On Mon, Nov 11, 2024 at 07:32:44PM +0530, Jyothi Kumar Seerapu wrote:
> The I2C driver gets an interrupt upon transfer completion.
> For multiple messages in a single transfer, N interrupts will be
> received for N messages, leading to significant software interrupt
> latency. To mitigate this latency, utilize Block Event Interrupt (BEI)

Please rewrite this to the tone that the reader doesn't know what Block
Event Interrupt is, or that it exists.

> only when an interrupt is necessary.
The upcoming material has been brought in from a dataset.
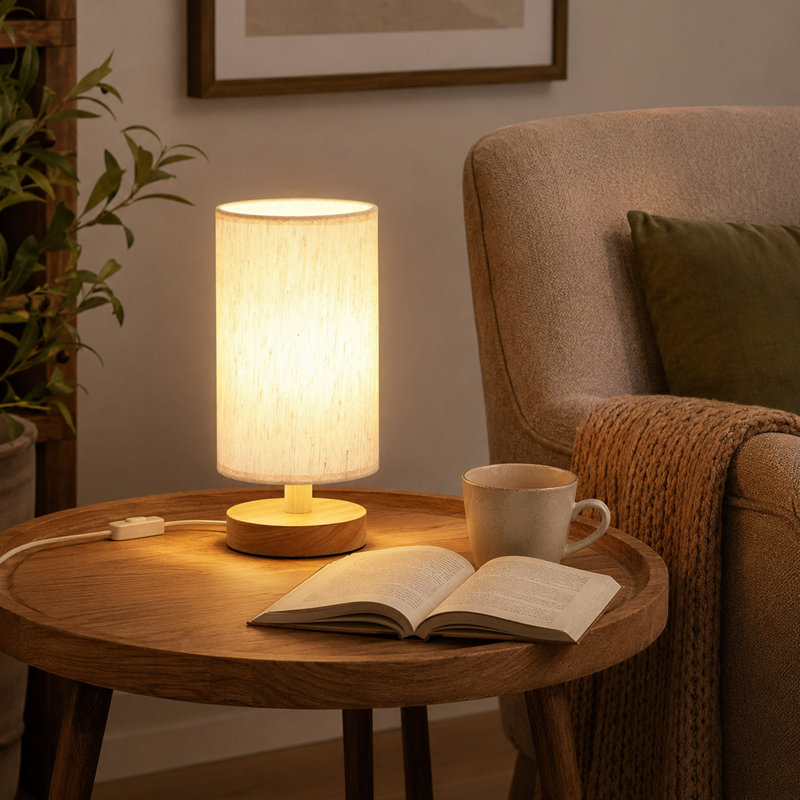9'' Small Table Lamp, Cream Fabric Shade and Wood Base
This means large transfers can be
> split into multiple chunks of 8 messages internally, without expecting
> interrupts for the first 7 message completions, only the last one will
> trigger an interrupt indicating 8 messages completed.
> 
> By implementing BEI, multi-message transfers can be divided into
> chunks of 8 messages, improving overall transfer time.

You already wrote this in the paragraph above.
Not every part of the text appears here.